I leave Sisyphus at the foot of the mountain. One always finds one’s burden again. But Sisyphus teaches the higher fidelity that negates the gods and raises rocks. He too concludes that all is well. This universe henceforth without a master seems to him neither sterile nor futile. Each atom of that stone, each mineral flake of that night-filled mountain, in itself, forms a world. The struggle itself toward the heights is enough to fill a man’s heart. One must imagine Sisyphus happy.
Albert Camus, The Myth of Sisyphus
In the last five years, I have hauled -and placed – at least fifty truckloads of stones for the Stone Sanctuary. There have been many, many times when I have questioned the rationality of what I have been doing; much of the time it has felt like an absurd – yet necessary – task. It was hard not to be constantly reminded of Sisyphus, condemned by the gods to roll a boulder repetitively up a hill.

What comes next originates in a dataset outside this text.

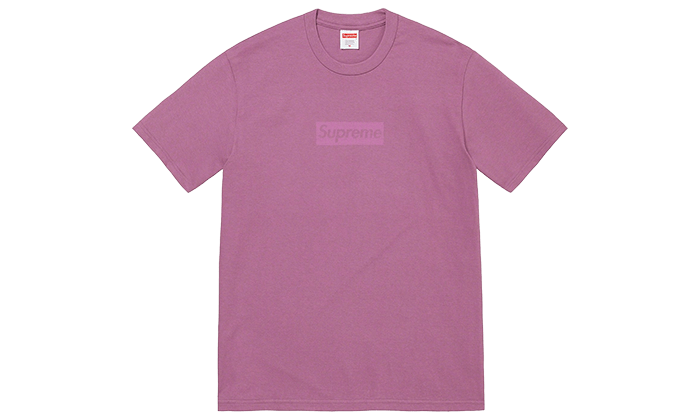 Tonal Box Logo Tee Dusty Purple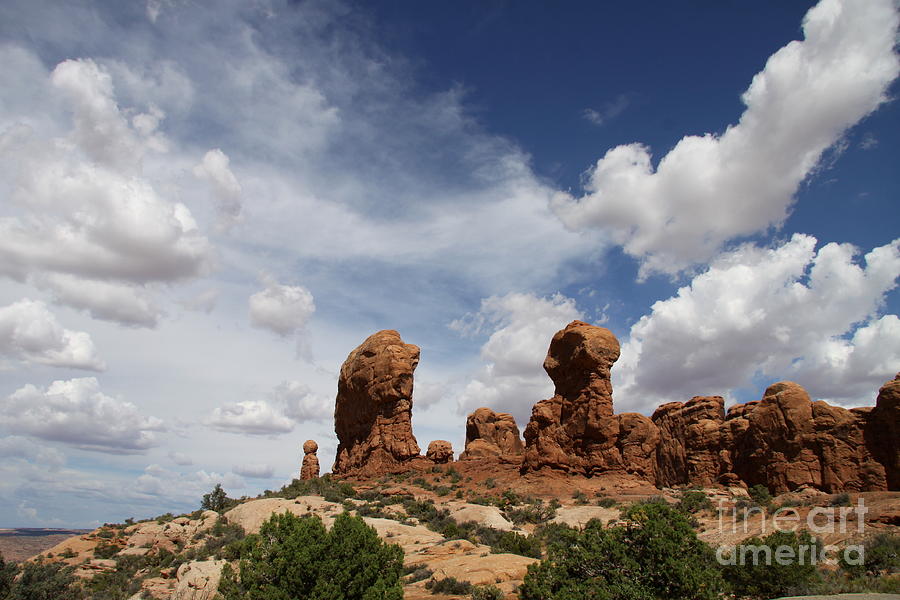 Arches National Park Photograph - Garden Of Eden by Christiane Schulze Art And Photography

And yet recently, after five years and the completion of the last major wall of the Stone Sanctuary, it feels as if there is more to it than just a Sisyphean, futile task; the Stone of Sisyphus has found a place, among many other stones.
This “Mount Sisyphus” was the last work of the fall of 2016, completed on the day the first snowfall. It took three of us to get that large stone into place; Sisyphus could have used such help.